Sunday, October 30, 2011

How do you keep a cistern from freezing in Mongolia? 2

The general wisdom about water is: it must be below the frost depth for your location, then any water at that depth, even during the coldest periods won't freeze. Usually we're talking about water coming in from a water line, and the pipe is sealed. In the case of earthship cisterns they're open air in some sense, though covered with pebbles at the riser. Dan Richfield showed his cisterns and how: 1) the top of the cisterns were below the frost line (18" in Taos, NM); 2) the cistern was insulated. So even though the cistern was open air with air holes going down into the cistern, the water in the cistern would theoretically have enough mass to resist freezing. I'm taking that one on faith that it's going to work. Mongolia has a frost depth of about 2 meters (almost 7 feet). As long as the surrounding soil isn't frozen and the cistern(s) is insulated, then I guess that's enough. Temps drop below freezing everyday around early November (almost now), rivers freeze into solid blocks until the end of March. During those 5 months or so, I don't plan on collecting any precip. Maybe if I'm worried about it, I could put some insulated cover over the cistern catch on top. 
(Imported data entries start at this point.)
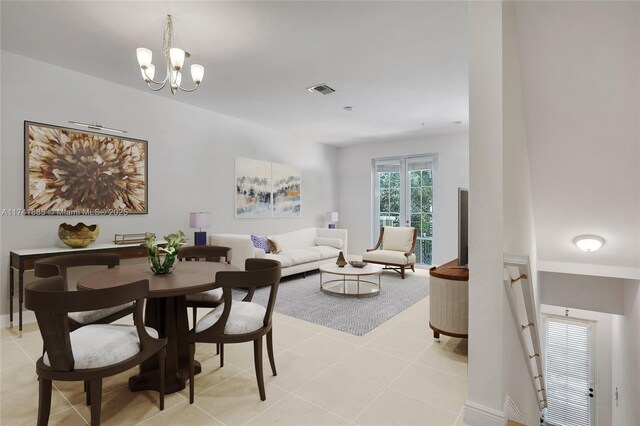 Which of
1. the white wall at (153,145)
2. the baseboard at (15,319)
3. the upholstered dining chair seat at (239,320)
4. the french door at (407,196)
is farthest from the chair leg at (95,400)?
the french door at (407,196)

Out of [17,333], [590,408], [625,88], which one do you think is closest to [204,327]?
[17,333]

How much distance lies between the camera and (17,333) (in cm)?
319

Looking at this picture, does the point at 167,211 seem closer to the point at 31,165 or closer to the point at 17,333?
the point at 31,165

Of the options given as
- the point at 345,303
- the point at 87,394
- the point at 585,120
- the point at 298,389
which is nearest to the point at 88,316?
the point at 87,394

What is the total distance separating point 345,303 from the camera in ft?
13.7

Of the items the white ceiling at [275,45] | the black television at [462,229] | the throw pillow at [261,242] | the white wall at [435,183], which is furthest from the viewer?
the white wall at [435,183]

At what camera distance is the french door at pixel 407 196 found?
7125 millimetres

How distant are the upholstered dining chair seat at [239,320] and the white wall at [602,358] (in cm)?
501

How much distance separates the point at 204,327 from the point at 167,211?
3061mm

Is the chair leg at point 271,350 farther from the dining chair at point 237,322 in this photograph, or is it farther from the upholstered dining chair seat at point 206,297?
the upholstered dining chair seat at point 206,297

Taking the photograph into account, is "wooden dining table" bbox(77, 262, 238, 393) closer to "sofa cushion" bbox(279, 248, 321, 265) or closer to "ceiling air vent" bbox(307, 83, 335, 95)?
"ceiling air vent" bbox(307, 83, 335, 95)

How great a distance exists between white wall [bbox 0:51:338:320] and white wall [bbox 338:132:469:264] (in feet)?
4.71

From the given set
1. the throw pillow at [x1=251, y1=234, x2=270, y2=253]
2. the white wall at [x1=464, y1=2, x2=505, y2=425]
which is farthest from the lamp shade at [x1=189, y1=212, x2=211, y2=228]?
the white wall at [x1=464, y1=2, x2=505, y2=425]

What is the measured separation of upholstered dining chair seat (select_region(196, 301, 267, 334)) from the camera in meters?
2.07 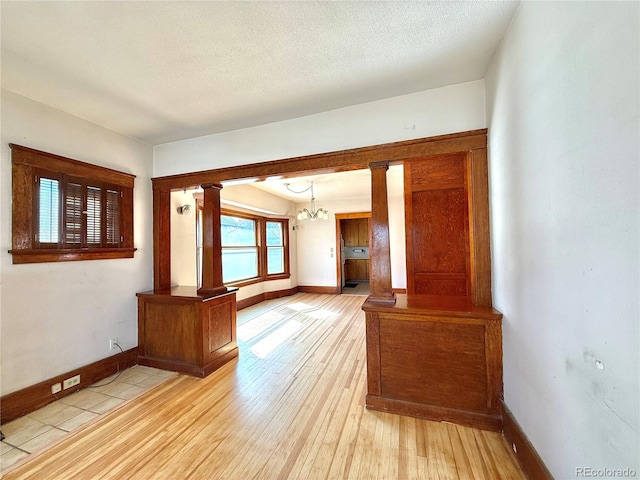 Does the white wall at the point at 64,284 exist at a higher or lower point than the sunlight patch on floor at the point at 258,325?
higher

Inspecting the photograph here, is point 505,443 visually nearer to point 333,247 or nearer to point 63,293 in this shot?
point 63,293

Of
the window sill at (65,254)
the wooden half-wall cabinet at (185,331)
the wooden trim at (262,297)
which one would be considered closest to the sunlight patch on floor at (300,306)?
the wooden trim at (262,297)

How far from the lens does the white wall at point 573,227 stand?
2.57ft

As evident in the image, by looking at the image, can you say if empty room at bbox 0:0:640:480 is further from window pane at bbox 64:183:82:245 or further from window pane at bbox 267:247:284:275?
window pane at bbox 267:247:284:275

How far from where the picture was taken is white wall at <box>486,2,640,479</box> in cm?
78

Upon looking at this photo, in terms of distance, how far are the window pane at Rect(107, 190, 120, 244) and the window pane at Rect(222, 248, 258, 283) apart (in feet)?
7.29

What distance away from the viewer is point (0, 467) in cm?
158

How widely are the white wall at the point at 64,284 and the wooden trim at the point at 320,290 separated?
14.4 feet

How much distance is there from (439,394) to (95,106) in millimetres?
3844

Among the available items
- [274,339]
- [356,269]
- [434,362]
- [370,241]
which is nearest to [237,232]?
[274,339]

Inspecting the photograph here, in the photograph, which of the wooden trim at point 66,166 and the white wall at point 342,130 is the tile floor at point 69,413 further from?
the white wall at point 342,130

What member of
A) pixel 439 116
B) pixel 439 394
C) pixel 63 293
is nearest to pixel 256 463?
pixel 439 394

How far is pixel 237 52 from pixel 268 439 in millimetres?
2649

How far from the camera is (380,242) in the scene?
7.39ft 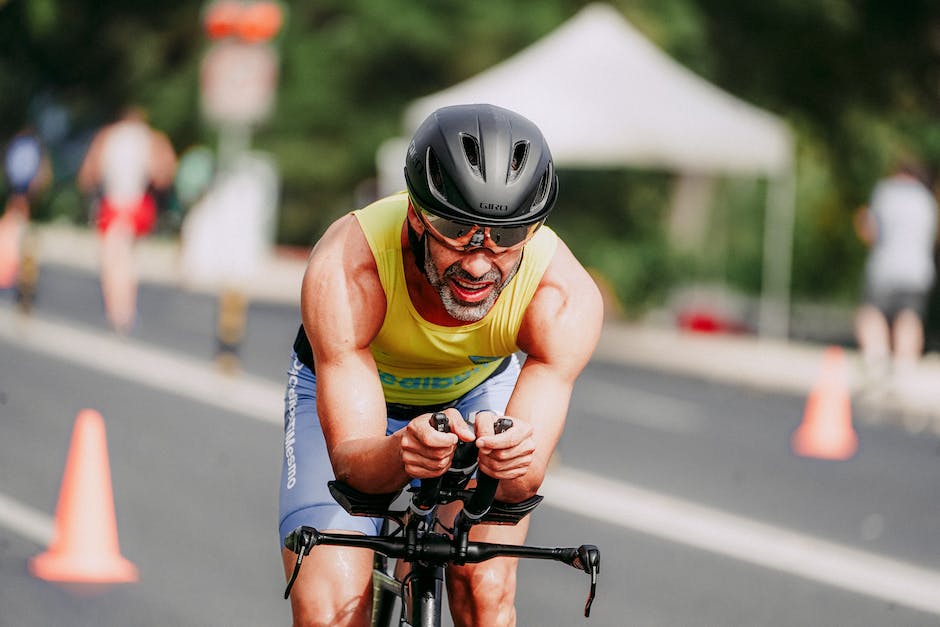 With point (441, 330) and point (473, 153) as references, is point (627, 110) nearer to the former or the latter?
point (441, 330)

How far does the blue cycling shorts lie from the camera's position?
13.7ft

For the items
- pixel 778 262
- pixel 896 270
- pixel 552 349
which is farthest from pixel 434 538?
pixel 778 262

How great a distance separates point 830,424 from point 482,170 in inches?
371

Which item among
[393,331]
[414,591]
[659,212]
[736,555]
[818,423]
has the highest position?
[393,331]

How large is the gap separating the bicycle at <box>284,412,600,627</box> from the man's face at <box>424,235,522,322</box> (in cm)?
40

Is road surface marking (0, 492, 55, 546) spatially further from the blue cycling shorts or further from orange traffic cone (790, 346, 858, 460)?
orange traffic cone (790, 346, 858, 460)

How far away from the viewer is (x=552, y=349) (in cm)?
396

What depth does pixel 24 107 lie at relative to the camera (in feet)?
139

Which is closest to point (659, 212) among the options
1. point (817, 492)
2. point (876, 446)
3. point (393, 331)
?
point (876, 446)

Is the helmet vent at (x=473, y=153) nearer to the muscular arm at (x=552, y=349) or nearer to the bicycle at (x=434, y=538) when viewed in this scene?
the muscular arm at (x=552, y=349)

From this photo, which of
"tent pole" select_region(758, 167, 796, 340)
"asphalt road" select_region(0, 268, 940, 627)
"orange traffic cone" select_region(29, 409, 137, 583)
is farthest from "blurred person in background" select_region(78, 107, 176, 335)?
"orange traffic cone" select_region(29, 409, 137, 583)

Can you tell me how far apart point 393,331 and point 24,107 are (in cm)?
4050

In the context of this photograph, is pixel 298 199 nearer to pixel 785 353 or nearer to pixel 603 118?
pixel 603 118

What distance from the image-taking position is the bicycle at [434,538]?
352 cm
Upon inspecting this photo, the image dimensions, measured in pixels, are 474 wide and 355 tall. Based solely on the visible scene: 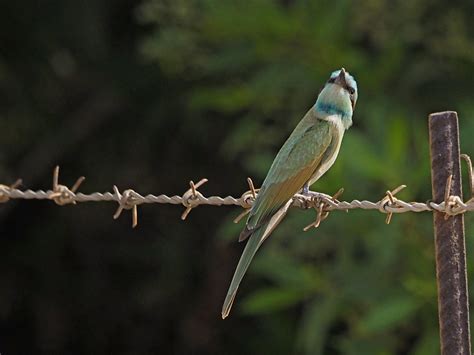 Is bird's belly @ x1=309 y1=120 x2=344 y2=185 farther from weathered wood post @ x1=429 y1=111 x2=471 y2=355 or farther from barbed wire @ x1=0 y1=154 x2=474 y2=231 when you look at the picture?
weathered wood post @ x1=429 y1=111 x2=471 y2=355

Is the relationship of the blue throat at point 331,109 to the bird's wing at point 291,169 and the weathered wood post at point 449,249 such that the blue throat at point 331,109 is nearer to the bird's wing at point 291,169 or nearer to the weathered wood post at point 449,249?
the bird's wing at point 291,169

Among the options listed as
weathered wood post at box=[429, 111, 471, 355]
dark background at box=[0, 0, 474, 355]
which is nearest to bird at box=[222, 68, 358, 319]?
weathered wood post at box=[429, 111, 471, 355]

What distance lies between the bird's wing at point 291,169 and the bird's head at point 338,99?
0.19 feet

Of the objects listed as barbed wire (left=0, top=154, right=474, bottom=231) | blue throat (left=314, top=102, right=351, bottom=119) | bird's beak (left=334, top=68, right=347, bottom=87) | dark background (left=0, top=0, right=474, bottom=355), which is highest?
dark background (left=0, top=0, right=474, bottom=355)

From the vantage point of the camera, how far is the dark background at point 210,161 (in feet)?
17.0

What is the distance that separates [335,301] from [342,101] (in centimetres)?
208

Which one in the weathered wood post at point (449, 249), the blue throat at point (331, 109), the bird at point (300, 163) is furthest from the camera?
the blue throat at point (331, 109)

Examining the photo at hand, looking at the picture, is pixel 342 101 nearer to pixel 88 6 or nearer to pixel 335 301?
pixel 335 301

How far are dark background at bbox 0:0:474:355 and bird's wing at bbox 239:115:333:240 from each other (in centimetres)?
123

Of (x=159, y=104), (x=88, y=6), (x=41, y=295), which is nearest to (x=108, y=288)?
(x=41, y=295)

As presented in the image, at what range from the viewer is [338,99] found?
3564mm

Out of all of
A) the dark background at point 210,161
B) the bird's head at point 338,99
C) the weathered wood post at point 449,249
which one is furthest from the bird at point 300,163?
the dark background at point 210,161

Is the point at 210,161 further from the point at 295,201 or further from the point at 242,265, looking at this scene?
the point at 242,265

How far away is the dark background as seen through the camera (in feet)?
17.0
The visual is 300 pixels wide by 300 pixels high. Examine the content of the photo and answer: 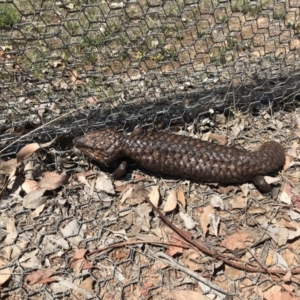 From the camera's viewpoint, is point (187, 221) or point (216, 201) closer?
point (187, 221)

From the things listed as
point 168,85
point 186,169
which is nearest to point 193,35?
point 168,85

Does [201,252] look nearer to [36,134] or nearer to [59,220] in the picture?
[59,220]

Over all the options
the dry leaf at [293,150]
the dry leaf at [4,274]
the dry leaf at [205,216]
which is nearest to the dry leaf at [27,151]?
the dry leaf at [4,274]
I was considering having something like the equivalent of 2 stacked garbage cans full of pebbles as a catch. That may be so many pebbles to drip through that some may be lost to evaporation. Maybe like many earthships I could do the small amount of pebbles (about 12"?) in a plastic drain thing (on top of a pipe?) and just put an insulated cover over that during winter. Maybe just the depth alone would protect the water from freezing.
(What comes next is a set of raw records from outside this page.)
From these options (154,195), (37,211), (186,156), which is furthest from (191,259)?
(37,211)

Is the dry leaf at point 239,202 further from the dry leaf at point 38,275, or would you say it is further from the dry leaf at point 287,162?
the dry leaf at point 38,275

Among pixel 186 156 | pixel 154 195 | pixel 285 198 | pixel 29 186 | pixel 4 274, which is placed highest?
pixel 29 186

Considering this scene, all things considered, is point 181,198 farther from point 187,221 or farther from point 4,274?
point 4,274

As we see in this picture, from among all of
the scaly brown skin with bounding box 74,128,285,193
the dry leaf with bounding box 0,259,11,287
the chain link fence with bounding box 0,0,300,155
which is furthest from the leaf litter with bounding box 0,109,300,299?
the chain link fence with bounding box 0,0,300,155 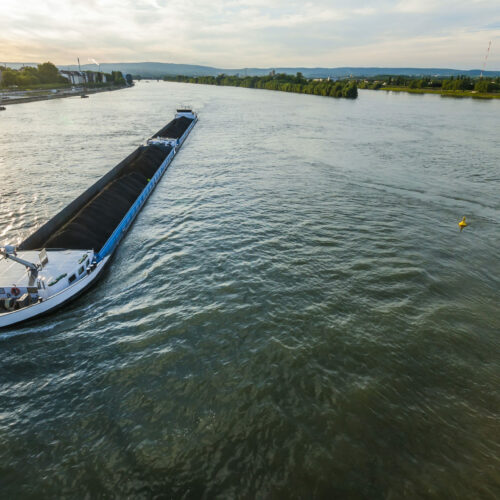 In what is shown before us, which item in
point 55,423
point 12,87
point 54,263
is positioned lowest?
point 55,423

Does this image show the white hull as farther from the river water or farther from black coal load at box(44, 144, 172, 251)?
black coal load at box(44, 144, 172, 251)

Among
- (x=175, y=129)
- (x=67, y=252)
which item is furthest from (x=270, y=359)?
(x=175, y=129)

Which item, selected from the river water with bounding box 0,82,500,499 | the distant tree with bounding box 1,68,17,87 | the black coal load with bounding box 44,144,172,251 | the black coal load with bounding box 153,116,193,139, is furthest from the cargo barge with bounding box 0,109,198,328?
the distant tree with bounding box 1,68,17,87

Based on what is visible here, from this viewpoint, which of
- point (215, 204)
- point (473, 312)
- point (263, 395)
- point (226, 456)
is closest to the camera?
point (226, 456)

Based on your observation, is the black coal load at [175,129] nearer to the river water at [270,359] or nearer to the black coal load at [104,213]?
the black coal load at [104,213]

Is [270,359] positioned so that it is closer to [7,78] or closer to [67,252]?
[67,252]

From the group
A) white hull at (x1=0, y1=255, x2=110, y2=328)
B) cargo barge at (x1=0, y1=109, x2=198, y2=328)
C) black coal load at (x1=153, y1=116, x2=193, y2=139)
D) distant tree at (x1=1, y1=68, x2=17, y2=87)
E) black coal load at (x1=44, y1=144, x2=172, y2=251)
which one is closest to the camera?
white hull at (x1=0, y1=255, x2=110, y2=328)

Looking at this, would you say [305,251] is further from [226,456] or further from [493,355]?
[226,456]

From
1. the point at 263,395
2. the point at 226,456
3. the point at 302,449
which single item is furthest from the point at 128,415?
the point at 302,449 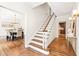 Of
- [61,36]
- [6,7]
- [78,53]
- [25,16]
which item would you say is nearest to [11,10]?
[6,7]

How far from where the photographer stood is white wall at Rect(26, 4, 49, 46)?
15.8ft

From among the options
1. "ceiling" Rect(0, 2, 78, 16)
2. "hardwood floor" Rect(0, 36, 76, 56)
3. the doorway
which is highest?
"ceiling" Rect(0, 2, 78, 16)

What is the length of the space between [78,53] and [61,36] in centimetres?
70

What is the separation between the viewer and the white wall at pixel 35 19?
4.80m

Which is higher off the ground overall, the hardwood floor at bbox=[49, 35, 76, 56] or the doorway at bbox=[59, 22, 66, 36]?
the doorway at bbox=[59, 22, 66, 36]


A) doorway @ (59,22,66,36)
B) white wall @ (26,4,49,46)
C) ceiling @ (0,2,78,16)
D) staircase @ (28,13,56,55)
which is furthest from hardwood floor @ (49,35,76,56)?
white wall @ (26,4,49,46)

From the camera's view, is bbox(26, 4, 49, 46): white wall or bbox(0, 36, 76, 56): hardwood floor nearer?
bbox(0, 36, 76, 56): hardwood floor

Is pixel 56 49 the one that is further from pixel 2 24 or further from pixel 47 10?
pixel 47 10

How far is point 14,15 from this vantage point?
3.65m

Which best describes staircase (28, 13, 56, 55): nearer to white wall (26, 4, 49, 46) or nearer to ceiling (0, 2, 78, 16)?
white wall (26, 4, 49, 46)

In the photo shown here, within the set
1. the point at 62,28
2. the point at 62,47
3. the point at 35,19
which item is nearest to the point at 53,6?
the point at 62,28

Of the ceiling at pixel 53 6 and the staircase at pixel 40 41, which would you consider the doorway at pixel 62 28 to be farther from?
the staircase at pixel 40 41

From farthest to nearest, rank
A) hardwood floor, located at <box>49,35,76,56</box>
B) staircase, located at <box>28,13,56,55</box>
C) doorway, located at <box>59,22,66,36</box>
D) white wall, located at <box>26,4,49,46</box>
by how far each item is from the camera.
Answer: white wall, located at <box>26,4,49,46</box>
staircase, located at <box>28,13,56,55</box>
hardwood floor, located at <box>49,35,76,56</box>
doorway, located at <box>59,22,66,36</box>

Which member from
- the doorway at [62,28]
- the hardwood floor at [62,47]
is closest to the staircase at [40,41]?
the hardwood floor at [62,47]
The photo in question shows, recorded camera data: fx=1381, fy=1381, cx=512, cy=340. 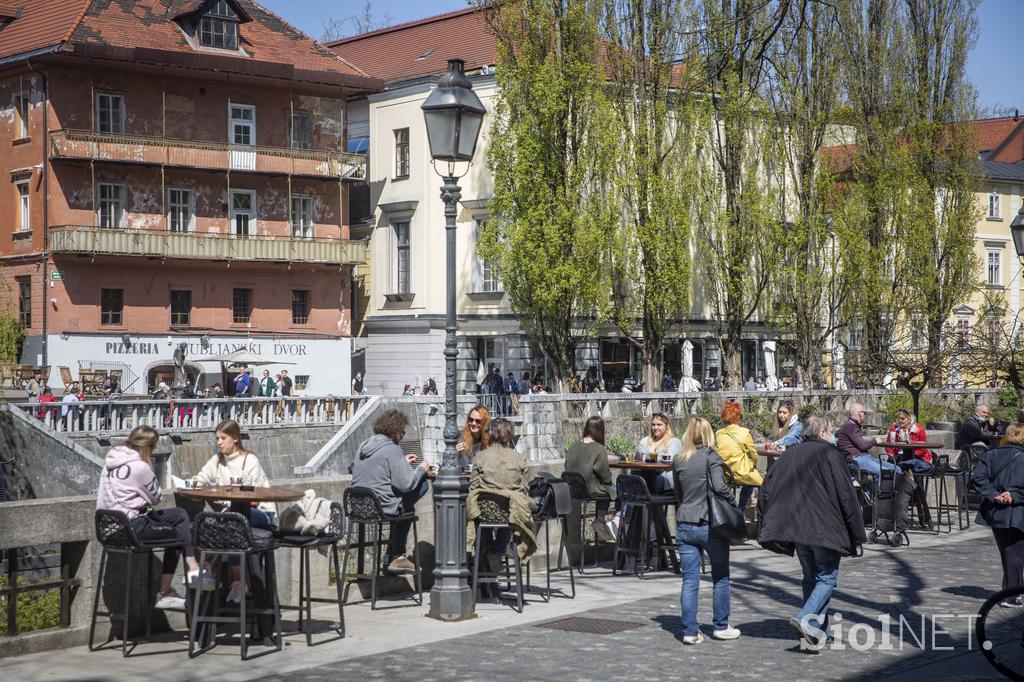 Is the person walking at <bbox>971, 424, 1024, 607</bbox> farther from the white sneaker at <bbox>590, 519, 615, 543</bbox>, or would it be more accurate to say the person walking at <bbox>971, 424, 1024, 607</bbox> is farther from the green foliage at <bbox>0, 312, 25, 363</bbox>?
the green foliage at <bbox>0, 312, 25, 363</bbox>

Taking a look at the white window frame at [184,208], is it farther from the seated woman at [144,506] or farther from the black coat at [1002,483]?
the black coat at [1002,483]

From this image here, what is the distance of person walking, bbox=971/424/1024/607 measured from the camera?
1150 centimetres

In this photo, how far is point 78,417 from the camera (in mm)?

Saturday, October 29, 2011

Largest pieces of slate yet

Today I hauled in a piece of slate that was 80% in the ground that was 77cm long on the flat surface and about 50cm wide. Although slate is very hard, some of it in that area had a tendency to crumble a little bit on the sides. Another piece was over 60cm long. I just collect this when I have time. Many of the pieces are 10-20cm. I'll worry about chiseling them later to make them useful. We are nowhere near having enough slate to do a whole building and garage, but definitely the garage if the slate doesn't crumble into little pieces. If we could successfully split layers, some of the big thick pieces will go a long way.
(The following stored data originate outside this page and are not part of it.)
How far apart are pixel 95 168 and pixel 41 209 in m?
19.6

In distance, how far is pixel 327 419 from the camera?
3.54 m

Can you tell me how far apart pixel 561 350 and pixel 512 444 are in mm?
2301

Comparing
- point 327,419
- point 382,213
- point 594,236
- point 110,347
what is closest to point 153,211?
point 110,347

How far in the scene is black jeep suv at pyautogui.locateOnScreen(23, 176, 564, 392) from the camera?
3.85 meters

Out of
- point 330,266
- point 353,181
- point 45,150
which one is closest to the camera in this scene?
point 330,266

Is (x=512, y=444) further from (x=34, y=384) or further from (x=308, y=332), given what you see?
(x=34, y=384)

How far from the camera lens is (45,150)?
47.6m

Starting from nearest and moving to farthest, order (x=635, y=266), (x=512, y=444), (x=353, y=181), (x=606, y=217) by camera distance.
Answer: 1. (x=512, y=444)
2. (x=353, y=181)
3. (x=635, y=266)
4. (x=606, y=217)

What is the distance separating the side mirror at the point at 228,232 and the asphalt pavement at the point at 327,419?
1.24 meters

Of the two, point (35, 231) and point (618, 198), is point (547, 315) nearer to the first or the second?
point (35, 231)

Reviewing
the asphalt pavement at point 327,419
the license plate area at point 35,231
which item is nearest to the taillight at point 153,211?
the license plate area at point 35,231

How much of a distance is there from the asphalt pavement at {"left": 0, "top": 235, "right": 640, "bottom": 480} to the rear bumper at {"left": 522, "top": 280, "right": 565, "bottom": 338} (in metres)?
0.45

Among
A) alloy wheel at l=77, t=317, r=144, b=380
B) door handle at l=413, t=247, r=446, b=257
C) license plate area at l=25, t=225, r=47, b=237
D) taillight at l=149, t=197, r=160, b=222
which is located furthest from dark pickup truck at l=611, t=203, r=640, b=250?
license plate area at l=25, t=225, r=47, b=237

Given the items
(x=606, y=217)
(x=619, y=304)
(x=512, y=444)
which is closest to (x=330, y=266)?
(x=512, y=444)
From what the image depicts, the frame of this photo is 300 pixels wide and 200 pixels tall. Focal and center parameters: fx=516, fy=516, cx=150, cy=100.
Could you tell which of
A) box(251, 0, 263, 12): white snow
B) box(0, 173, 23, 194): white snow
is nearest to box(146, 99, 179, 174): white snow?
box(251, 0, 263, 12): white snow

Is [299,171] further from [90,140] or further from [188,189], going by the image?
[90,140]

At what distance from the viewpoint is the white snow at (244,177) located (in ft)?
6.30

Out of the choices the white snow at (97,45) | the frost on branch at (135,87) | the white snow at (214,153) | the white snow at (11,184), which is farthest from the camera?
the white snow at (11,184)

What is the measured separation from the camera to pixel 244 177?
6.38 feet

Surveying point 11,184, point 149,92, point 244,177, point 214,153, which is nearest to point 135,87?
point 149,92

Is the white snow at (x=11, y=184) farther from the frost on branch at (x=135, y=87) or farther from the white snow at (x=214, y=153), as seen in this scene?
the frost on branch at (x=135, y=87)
Overall I have about a shed full of bottles, which is something like 4,000-5,000. Only about 5-7% are cans, since no soft drink sodas are canned in Mongolia, though I started seeing more beer cans. I feel the amount is enough to do the whole main building easily, but I plan to make a bottle / dirt / cement wall around the property, so that wall could demand quite a lot of bottles. In our small micro ger district we must have a large amount of alcoholics. I walked only about 200 meters in an alley this afternoon and picked up maybe 40 bottles, not to mention what I got in the morning.

I am debating about what third greenhouse design to do. I want to do the solar toilet. That typically needs to be on the south face, but on the 2nd greenhouse glass.